Abstract:
Brain injury is a debilitating mental impairment. It can cause aggression, impulsivity, and other socially challenging behaviours, including criminal offending. This is largely a consequence of damage to the frontal lobes, the part of the brain that facilitates selfregulation and emotional control. Remedying this requires specialist rehabilitation, preferably in dedicated facilities. However, rather than being in such facilities, a disproportionate number of brain injured New Zealanders are in prison, often for violent or sexual offences. By contrast, other mentally impaired offenders, such as the intellectually disabled and mentally ill, are not kept in prison but instead transferred to the health jurisdiction to receive treatment or care.
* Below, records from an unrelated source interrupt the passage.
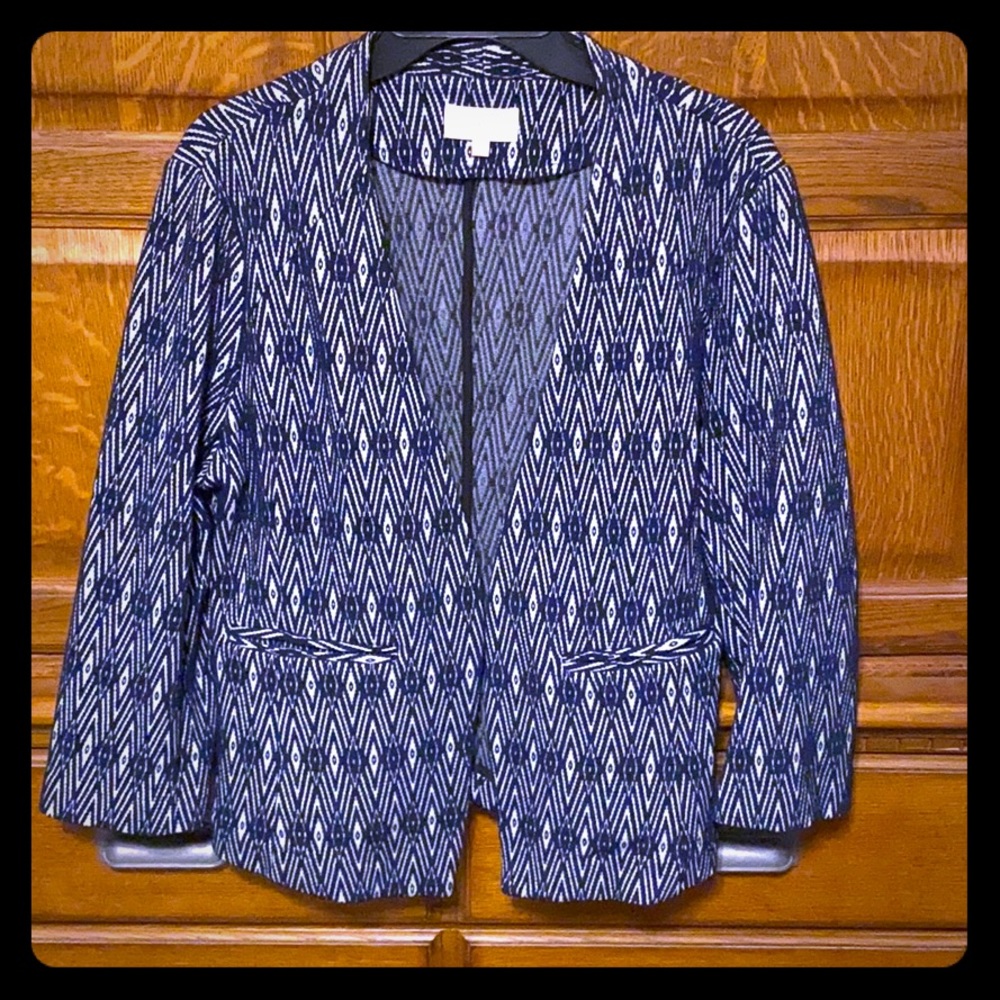 Skies are blue casual blazer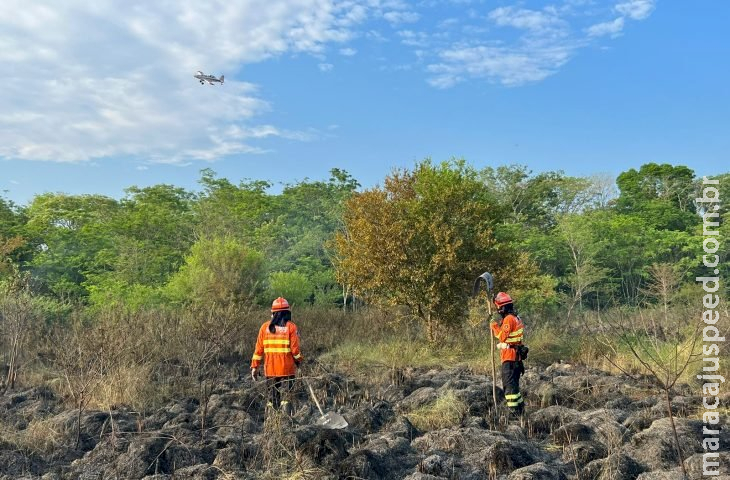 Com aeronaves e equipes extras, Governo de MS intensifica ações e combate aos incêndios no Pantanal Com aeronaves e equipes extras, Governo de MS intensifica ações e combate aos incêndios no Pantanal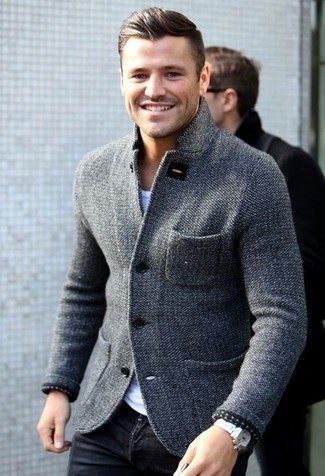 Как носить черные джинсы с серым пиджаком мужчине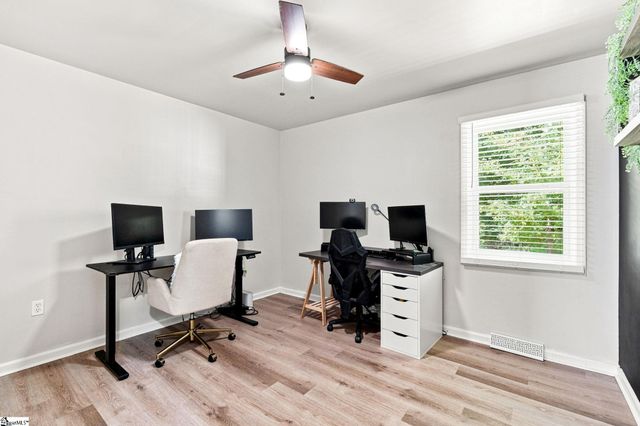 23 Lee Way, Taylors, SC 29687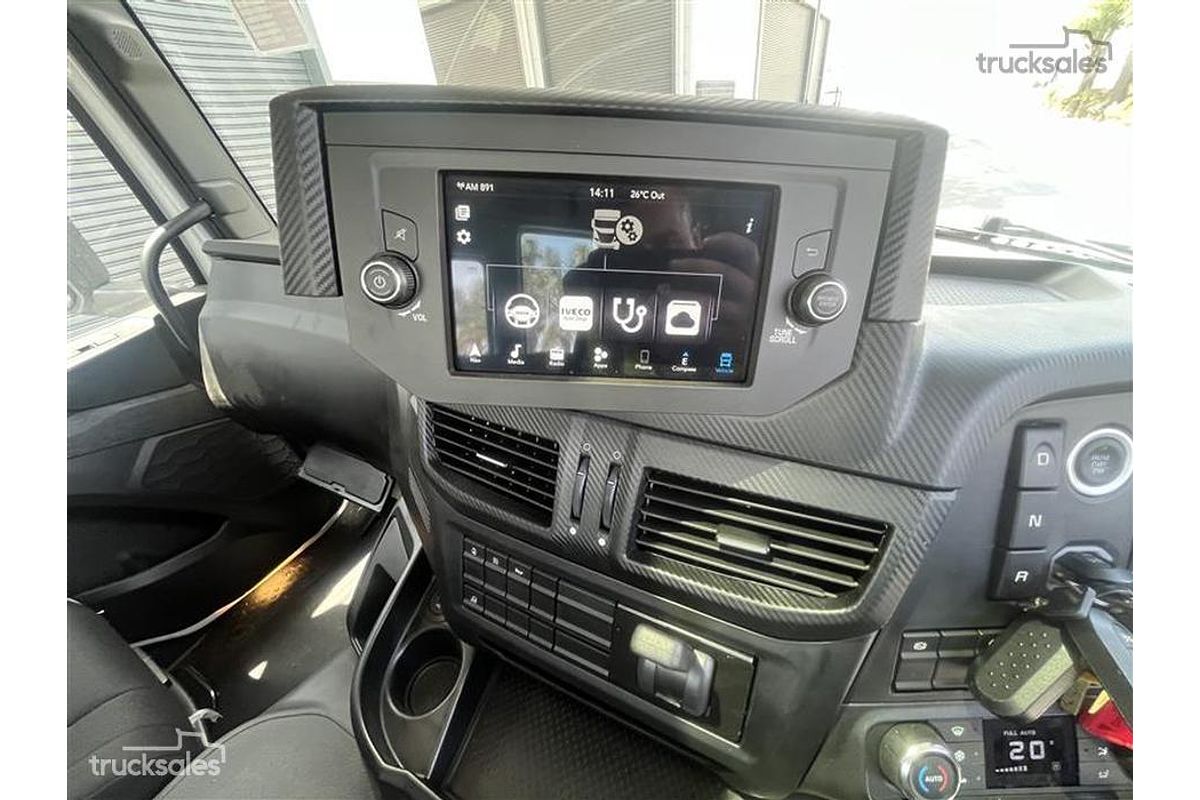 2024 IVECO S-Way AT600 image 16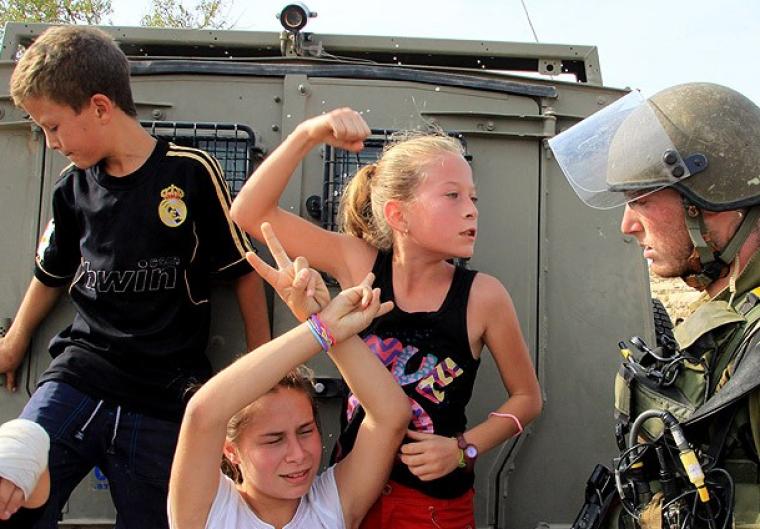 الطفلة عهد التميمي تواجه جندي اسرائيلي اعتدى عليها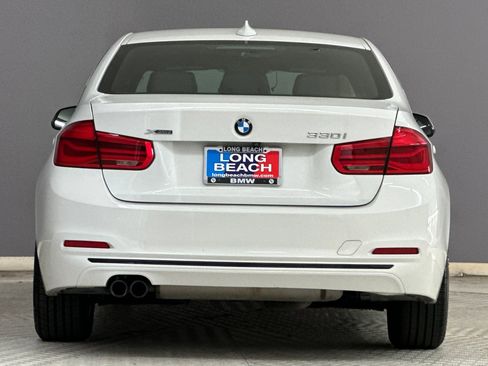 Used 2018 BMW 330i xDrive 330i xDrive w/ Convenience Package image 9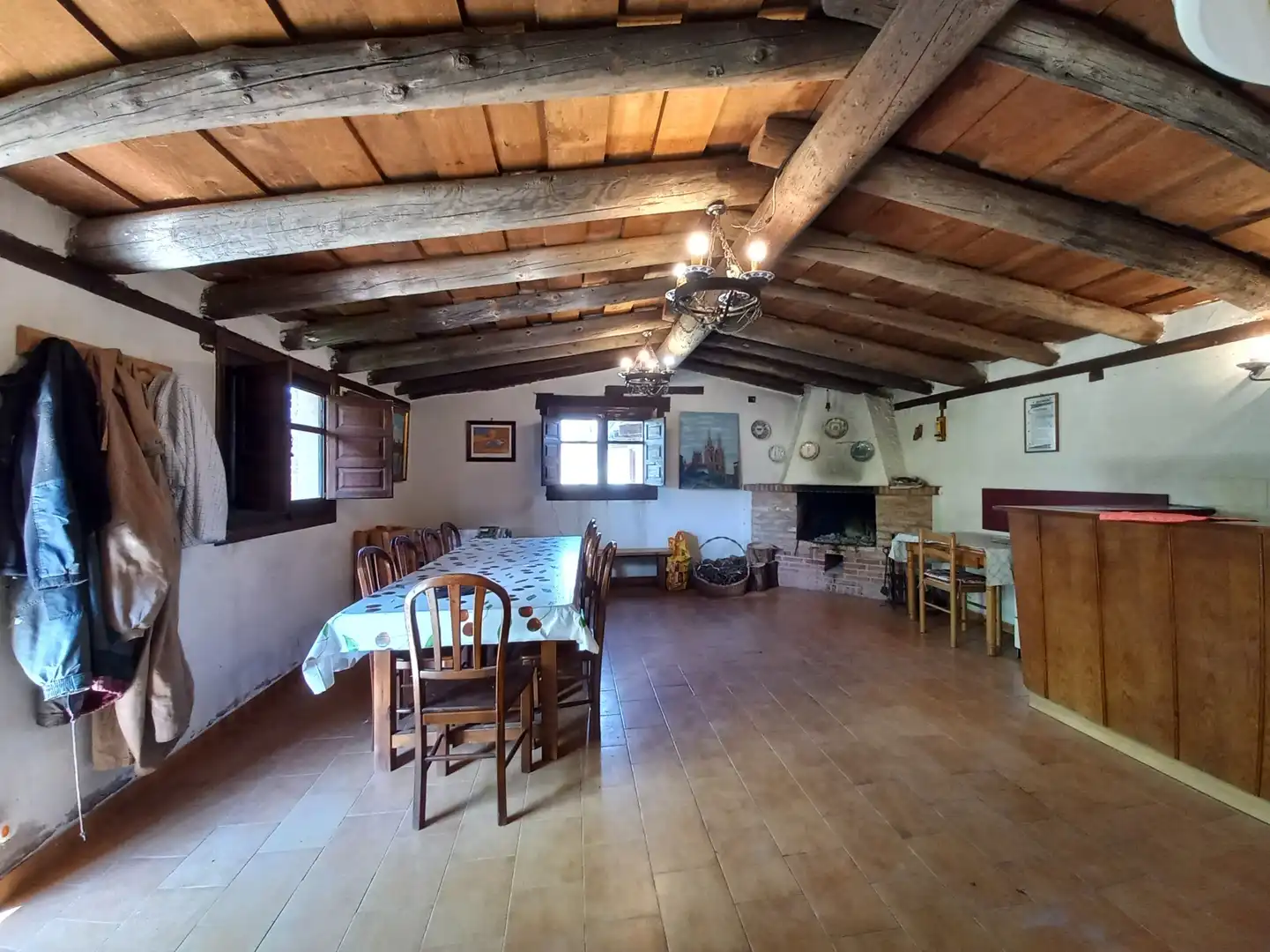 Comedor de Finca rústica en venta en Cayuela con Jardín privado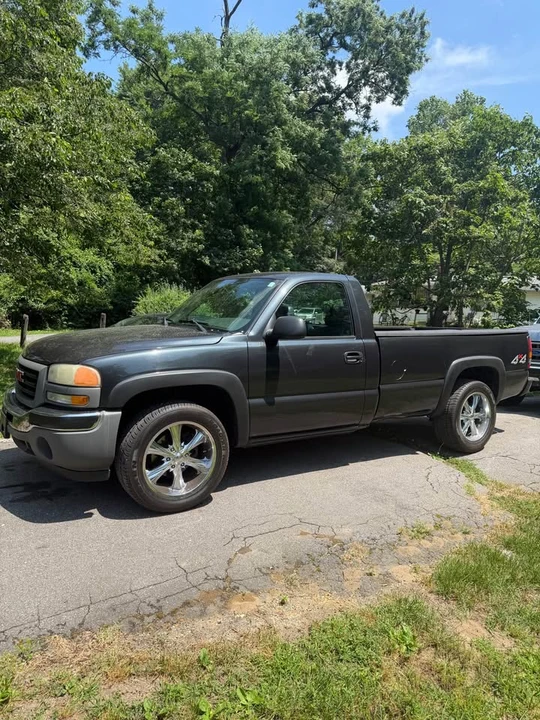 2005 GMC Sierra 2nd Gen - Image 2 of 14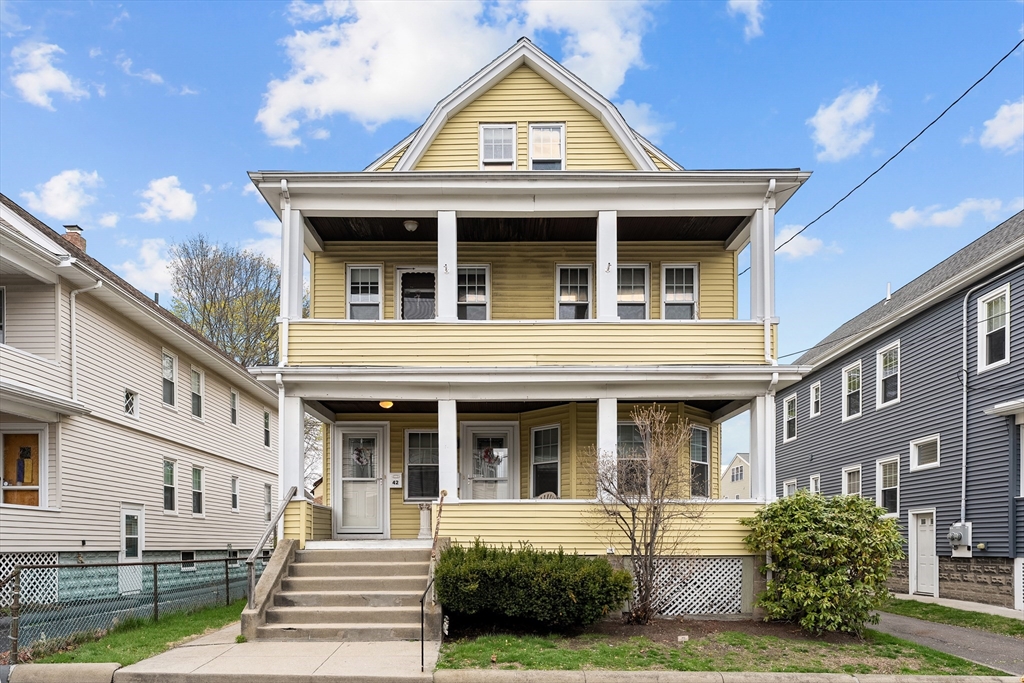 42-44 Burnside St, Medford, Massachusetts, 5 Bedrooms Bedrooms, 12 Rooms Rooms,2 BathroomsBathrooms,Residential Income,For Sale,Burnside St,73506541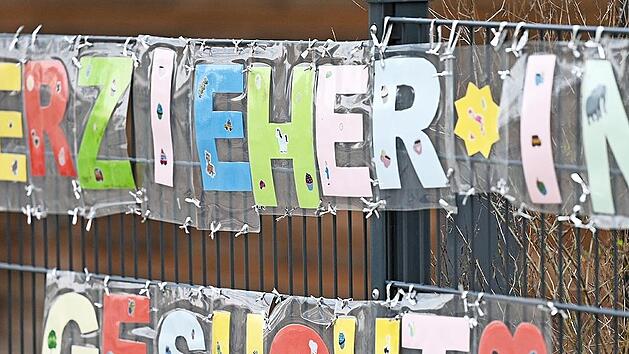 In Kindergärten und Kitas fehlt es an Personal. Jetzt gibt es ein Programm für Quereinsteiger und zur Weiterbildung, das nicht nur den Einrichtungen helfen soll.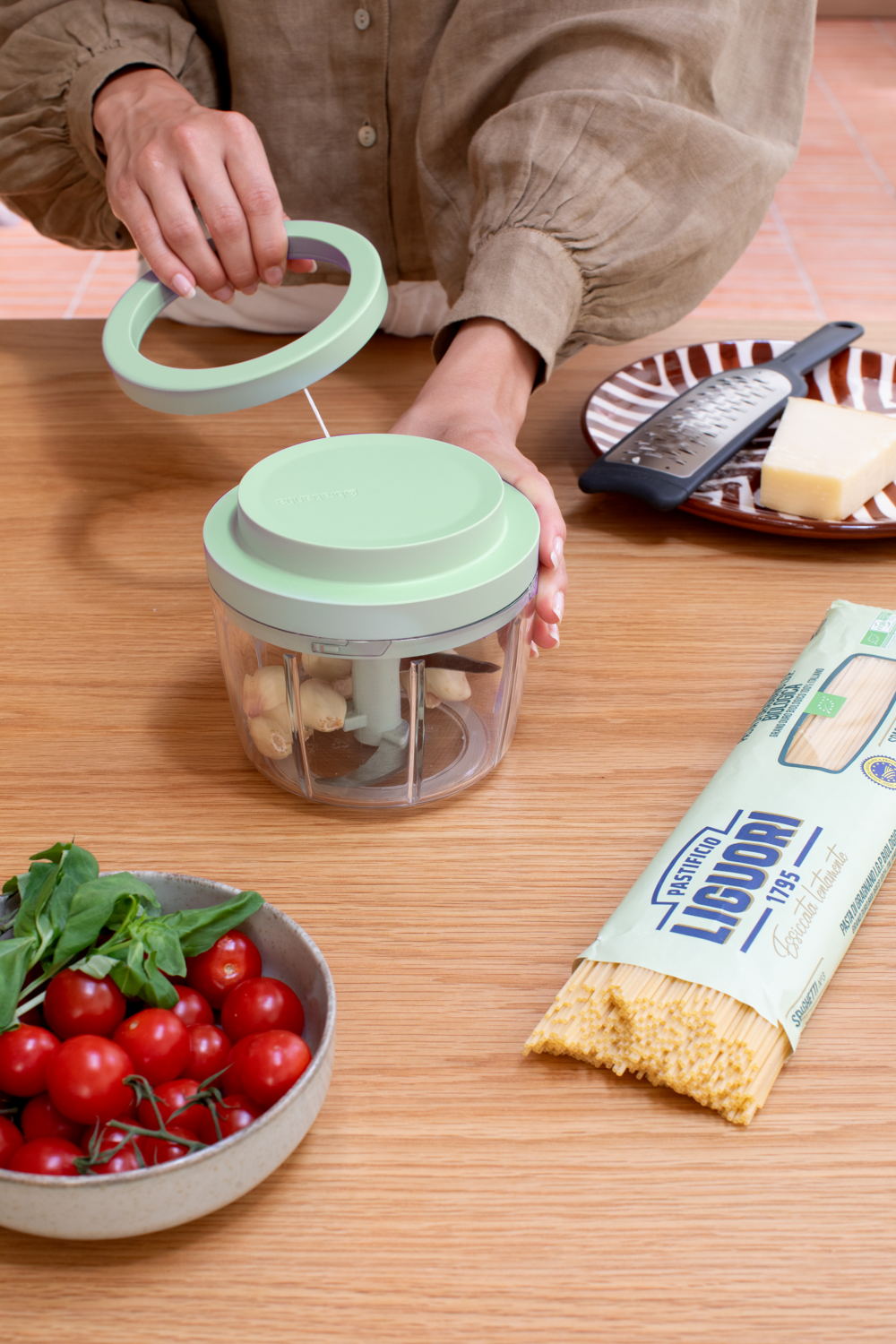 Tasty+ Manual Food Chopper - Jade Green - 8710755145445 Brabantia_6_NR-40928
This raises a question as to why brain injured offenders do not receive the same therapeutic response by our criminal justice system.
This paper explores that question by examining the current legislative framework for diverting mentally impaired offenders into healthcare through therapeutic dispositions on sentencing. It demonstrates the inadequacy of this framework for violent or sexual offenders with brain injury by showing how the gateway definitions of “intellectual disability” and “mental disorder” exclude that condition. It then explores the appropriateness of imprisoning serious offenders with brain injury by examining whether their detention breaches the state’s statutory obligations, and argues that the status quo violates both the Corrections Act 2004 and the New Zealand Bill of Rights Act 1990. Finally, in recognition of the current exclusion of brain injured offenders from therapeutic dispositions, and the potential illegality of their detention in prison, this paper argues for an expansion of the court’s therapeutic jurisdiction and examines mechanisms to achieve this.